__TO DO__. Set the images aside and retype the whole listing exactly.

__DATA SECTION__.
■ ■ ■

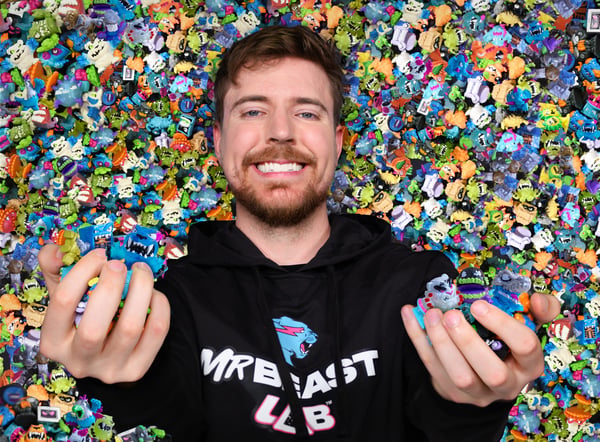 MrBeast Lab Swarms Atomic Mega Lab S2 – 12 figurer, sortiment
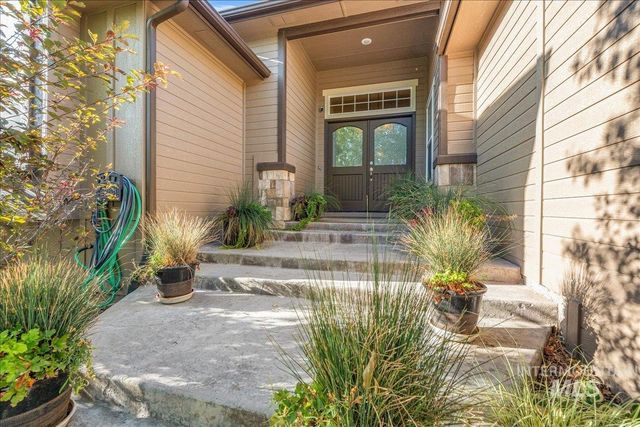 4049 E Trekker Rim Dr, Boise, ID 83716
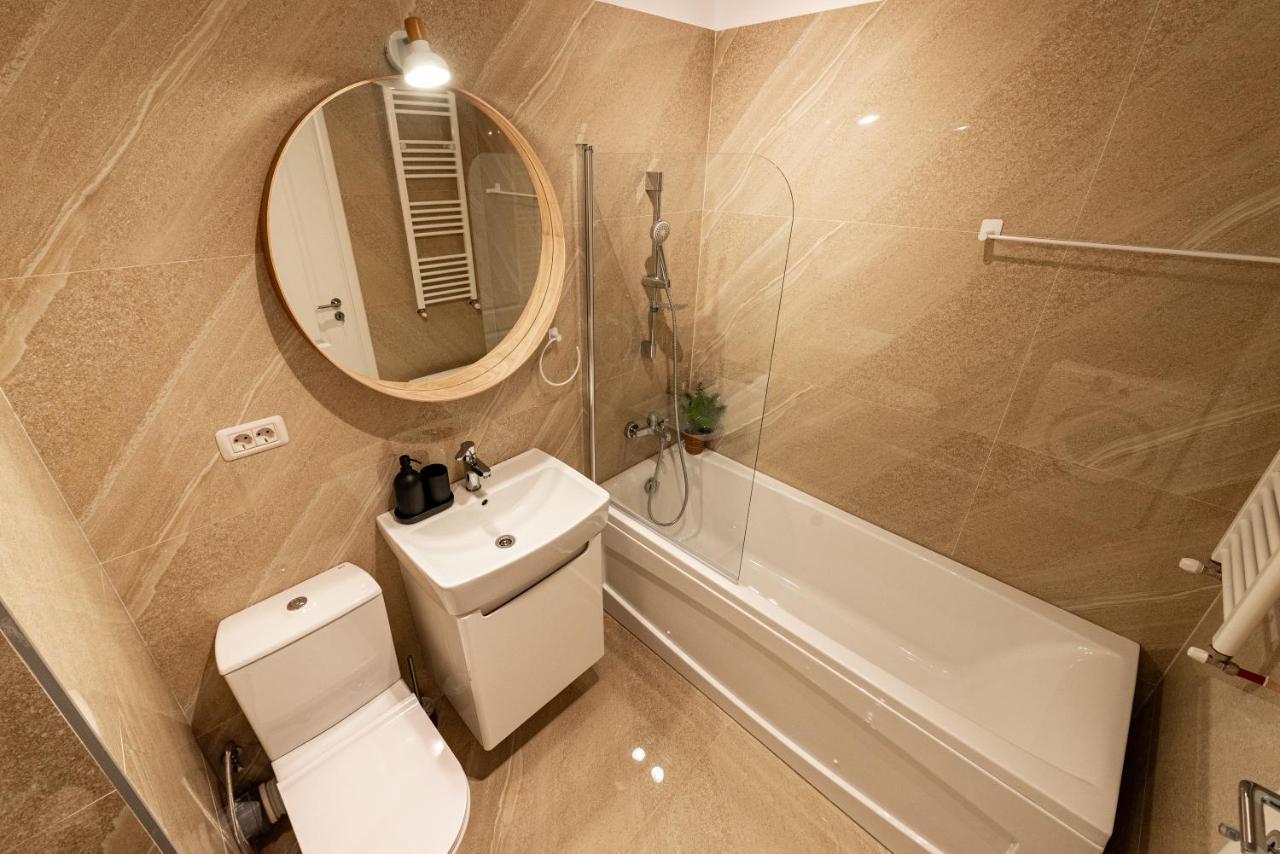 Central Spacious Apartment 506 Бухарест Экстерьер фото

■ ■ ■

__THE ANSWER__.
 MrBeast Lab Swarms Atomic Mega Lab S2 – 12 figurer, sortiment
 4049 E Trekker Rim Dr, Boise, ID 83716
 Central Spacious Apartment 506 Бухарест Экстерьер фото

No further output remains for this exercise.